By Douglas Gillison
WASHINGTON, May 5 (Reuters) – Wall Street’s top regulator is crafting regulations to undo a dormant Biden-era rule intended to help investors gauge companies’ climate-related spending and risks, according to a notice on the U.S. budget office website.
The move comes a year after the Securities and Exchange Commission declined to tell a federal court whether it planned either to change the rule or defend the 2024 regulations against industry-backed court challenges that dogged the agency’s rule-making efforts under the previous administration.
President Donald Trump rejects the scientific consensus on climate change and his administration has moved to undo related regulations adopted under former President Joe Biden.
In a statement, SEC Chair Paul Atkins said the agency was working to rescind the rule to return to the SEC’s “core mandate” of requiring that corporate disclosures focus on information that is material to investors, which he said was “in line with its legal authority.”
Under former President Joe Biden, the SEC adopted watered-down rules requiring publicly traded companies to tell investors about climate-related risks, emissions and spending, with Republican-led states and an industry group immediately challenging this in court. The SEC then stayed the rule pending the outcome of the court battles.

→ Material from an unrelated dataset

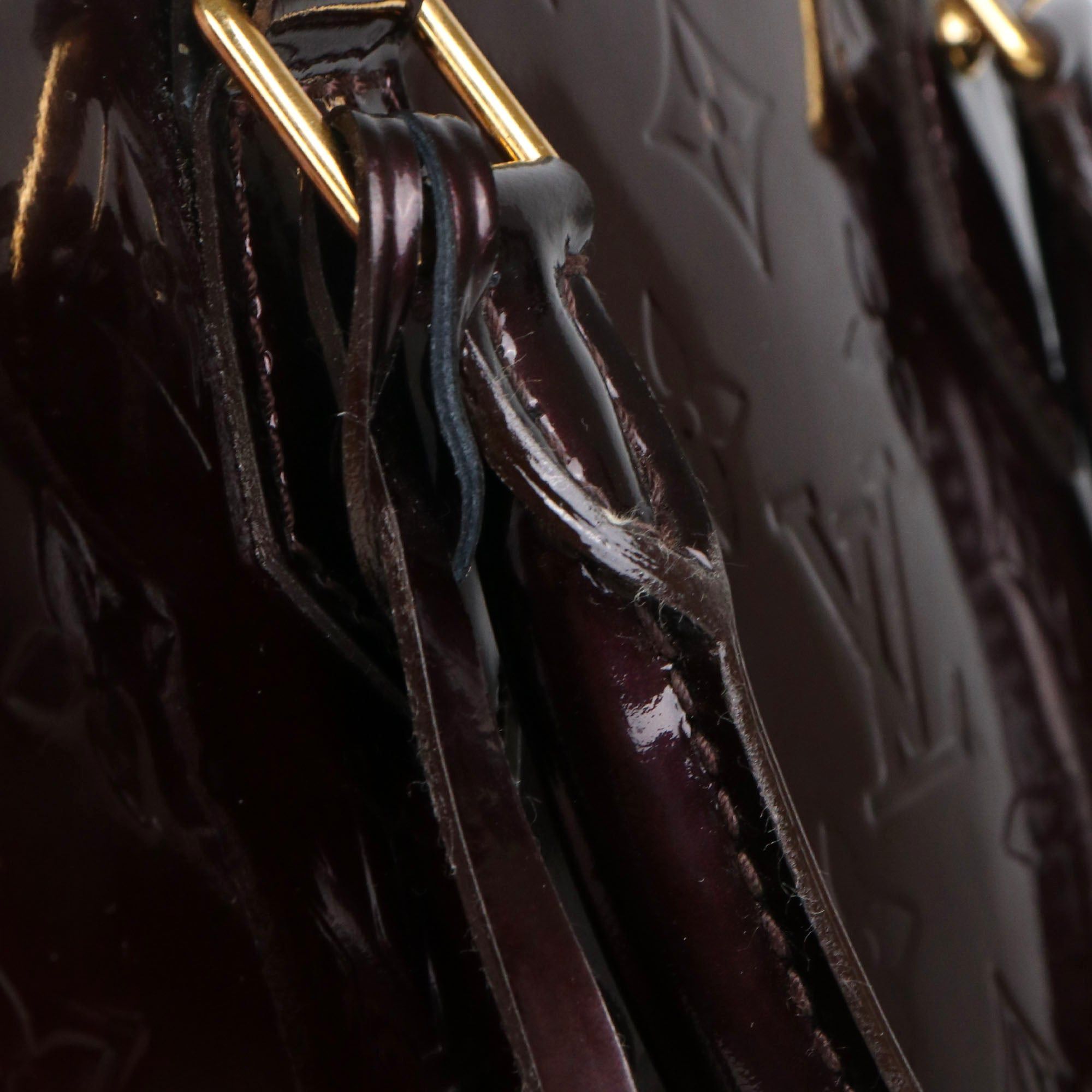 Louis Vuitton LOUIS VUITTON - Louis Vuitton Alma PM handbag in burgundy patent leather Size ONE SIZE - 6 Thumbnail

Under Republican President Donald Trump, the SEC voted in March of last year to cease defending the rule in court, which industry and conservative critics said exceeded the SEC’s legal authority. An appeals court then suspended consideration of the case.
The SEC may act on the pending proposal once the Office of Management and Budget has finished reviewing the text of the SEC’s draft regulations. A timeline for final action is uncertain.